4.2 Bouwregels
Op de voor '
Wonen
' aangewezen gronden mogen uitsluitend bouwwerken ten dienste van de bestemming worden gebouwd.
4.2.1 Hoofdgebouwen
Voor een hoofdgebouw gelden de volgende regels:
-
a. per bestemmingsvlak mag niet meer dan één woonhuis worden gebouwd, waarbij het hoofdgebouw binnen een bouwvlak dient te worden gebouwd;
-
b. de breedte van een woonhuis mag niet minder dan 5 m bedragen;
-
c. de afstand van een vrijstaand woonhuis tot de zijdelingse perceelgrens mag niet minder dan 3 m bedragen;
-
d. ter plaatse van de aanduiding 'maximale goothoogte' mag de goothoogte niet meer bedragen dan op de verbeelding is aangeven;
-
e. de bouwhoogte mag niet meer dan 10 m bedragen;
-
f. de dakhelling niet minder dan 25° en niet meer dan 60º bedragen;
-
g. in afwijking van het bepaalde onder a geldt dat de (verlengde) grenzen van het bouwvlak naar de buitenzijde mogen worden overschreden door:
-
1. plinten, pilasters, kozijnen, gevelversieringen, ventilatiekanalen en schoorstenen;
-
2. schotelantennes;
-
3. gevel- en kroonlijsten en overstekende daken;
-
4. (hoek)erkers, ingangspartijen, luifels, balkons en galerijen, mits over niet meer dan de halve gevelbreedte en mits de (verlengde) grenzen van het bouwvlak met niet meer dan 1,50 m worden overschreden;
-
h. afwijkingen in maten en afmetingen zoals die bestaan op het tijdstip van de terinzagelegging van het ontwerpplan mogen gehandhaafd worden.

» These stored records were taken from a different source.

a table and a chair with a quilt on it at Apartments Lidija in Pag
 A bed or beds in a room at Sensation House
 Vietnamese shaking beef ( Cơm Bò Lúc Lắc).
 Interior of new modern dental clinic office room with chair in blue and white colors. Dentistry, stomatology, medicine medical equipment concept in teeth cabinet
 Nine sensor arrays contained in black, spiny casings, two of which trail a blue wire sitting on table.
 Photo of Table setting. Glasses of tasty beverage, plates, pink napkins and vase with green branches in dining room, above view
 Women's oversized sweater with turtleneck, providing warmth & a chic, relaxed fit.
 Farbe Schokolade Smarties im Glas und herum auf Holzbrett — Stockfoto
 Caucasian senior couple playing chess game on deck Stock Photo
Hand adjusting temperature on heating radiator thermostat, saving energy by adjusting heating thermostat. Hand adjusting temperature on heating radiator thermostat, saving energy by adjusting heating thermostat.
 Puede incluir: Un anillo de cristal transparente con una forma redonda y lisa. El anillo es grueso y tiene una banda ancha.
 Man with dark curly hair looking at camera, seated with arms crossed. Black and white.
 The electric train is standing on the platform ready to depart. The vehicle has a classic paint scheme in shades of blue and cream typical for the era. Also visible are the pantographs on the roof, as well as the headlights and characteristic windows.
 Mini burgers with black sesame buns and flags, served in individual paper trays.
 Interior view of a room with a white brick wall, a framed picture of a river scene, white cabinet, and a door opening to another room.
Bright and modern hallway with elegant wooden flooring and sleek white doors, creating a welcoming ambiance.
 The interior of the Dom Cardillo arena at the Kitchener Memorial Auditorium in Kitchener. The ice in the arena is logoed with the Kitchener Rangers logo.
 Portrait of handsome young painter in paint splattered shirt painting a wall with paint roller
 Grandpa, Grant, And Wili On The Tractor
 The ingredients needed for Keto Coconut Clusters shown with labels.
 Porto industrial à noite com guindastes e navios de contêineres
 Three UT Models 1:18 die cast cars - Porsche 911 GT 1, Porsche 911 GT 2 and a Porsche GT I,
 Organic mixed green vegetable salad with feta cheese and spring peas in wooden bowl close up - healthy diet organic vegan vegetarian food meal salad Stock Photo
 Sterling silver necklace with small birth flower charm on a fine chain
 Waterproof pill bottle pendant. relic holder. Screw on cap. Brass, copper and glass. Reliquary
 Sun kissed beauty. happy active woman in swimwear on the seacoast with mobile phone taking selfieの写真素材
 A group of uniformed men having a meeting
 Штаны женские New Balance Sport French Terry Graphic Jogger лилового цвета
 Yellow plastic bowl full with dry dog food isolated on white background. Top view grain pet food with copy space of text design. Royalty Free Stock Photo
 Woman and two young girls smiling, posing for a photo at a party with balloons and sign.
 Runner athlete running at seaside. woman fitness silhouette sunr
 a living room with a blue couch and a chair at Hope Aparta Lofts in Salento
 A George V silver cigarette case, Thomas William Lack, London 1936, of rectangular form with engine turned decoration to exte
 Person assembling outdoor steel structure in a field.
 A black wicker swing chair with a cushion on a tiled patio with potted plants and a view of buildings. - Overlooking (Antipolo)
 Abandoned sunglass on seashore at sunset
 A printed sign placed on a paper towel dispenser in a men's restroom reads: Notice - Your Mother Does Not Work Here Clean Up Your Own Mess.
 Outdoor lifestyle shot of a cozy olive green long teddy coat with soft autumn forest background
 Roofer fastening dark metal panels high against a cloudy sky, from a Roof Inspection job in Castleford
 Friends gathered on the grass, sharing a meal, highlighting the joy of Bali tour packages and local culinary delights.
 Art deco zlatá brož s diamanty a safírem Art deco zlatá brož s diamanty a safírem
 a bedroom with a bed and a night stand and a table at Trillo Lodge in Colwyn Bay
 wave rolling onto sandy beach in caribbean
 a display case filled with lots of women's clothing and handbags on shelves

4.2.2 Bijbehorende bouwwerken en carports
Voor een bijbehorend bouwwerk en een carport gelden de volgende regels:
-
a. de afstand van een bijbehorend bouwwerk tot de voorgevel van het hoofdgebouw en het verlengde daarvan mag niet minder dan 3 m bedragen en de afstand van een carport mag niet minder dan 1 m bedragen;
-
b. de afstand van een bijbehorend bouwwerk of carport tot de zijdelingse perceelgrens mag niet minder dan 1 m bedragen, tenzij in de perceelgrens wordt gebouwd;
-
c. de gezamenlijke oppervlakte van de bijbehorende bouwwerken en carports bij een hoofdgebouw mag niet meer bedragen dan 70 m2; met inachtneming van de volgende regels:
-
1. de gezamenlijke oppervlakte van bijbehorende bouwwerken en carports mag niet meer bedragen dan 50% van de oppervlakte van het achter de voorgevel van het hoofdgebouw en het verlengde daarvan gelegen bouwperceel;
-
2. in afwijking van het bepaalde onder 1 mag de gezamenlijke oppervlakte meer bedragen dan 50%, mits de gezamenlijke oppervlakte van de bijbehorende bouwwerken en carports niet meer bedraagt dan 20 m2;
-
3. bij de berekening van de gezamenlijke oppervlakte wordt de oppervlakte van de bijbehorende bouwwerken en carports voor zover gelegen binnen het bouwvlak niet meegerekend;
-
d. de goothoogte van een aangebouwd bijbehorend bouwwerk of carport die niet minder dan 3 m achter de voorgevel van het hoofdgebouw of het verlengde daarvan is gelegen, mag niet meer dan 3,25 m bedragen, met dien verstande dat de goothoogte mag worden verhoogd tot ten hoogste de bouwhoogte van de vloer van de eerste verdieping van het hoofdgebouw;
-
e. de bouwhoogte van een aangebouwd bijbehorend bouwwerk of carport die niet minder dan 3 m achter de voorgevel van het hoofdgebouw of in het verlengde daarvan is gelegen, mag niet meer bedragen dan de bouwhoogte van het hoofdgebouw, verminderd met 2 m;
-
f. de goothoogte van een vrijstaand bijbehorend bouwwerk mag niet meer dan 3 m bedragen;
-
g. de bouwhoogte van een vrijstaand bijbehorend bouwwerk mag niet meer dan 5 m bedragen;
-
h. de bouwhoogte van een carport mag niet meer dan 3,25 m bedragen met dien verstande dat de hoogte mag worden verhoogd tot ten hoogste de bouwhoogte van de vloer van de eerste verdieping van het hoofdgebouw.
4.2.3 Bouwwerken, geen gebouw zijnde
Voor een bouwwerk, geen gebouw zijnde gelden de volgende regels:
-
a. indien het voor de voorgevel of een naar de weg gekeerde zijgevel van het hoofdgebouw of het verlengde daarvan wordt opgericht mag de bouwhoogte niet meer dan 1 m bedragen;
-
b. de bouwhoogte van een overkapping mag niet meer dan 3,25 m bedragen, met dien verstande dat de bouwhoogte mag worden verhoogd tot ten hoogste de bouwhoogte van de vloer van de eerste verdieping van het hoofdgebouw;
-
c. in overige gevallen mag de bouwhoogte niet meer dan 2 m bedragen.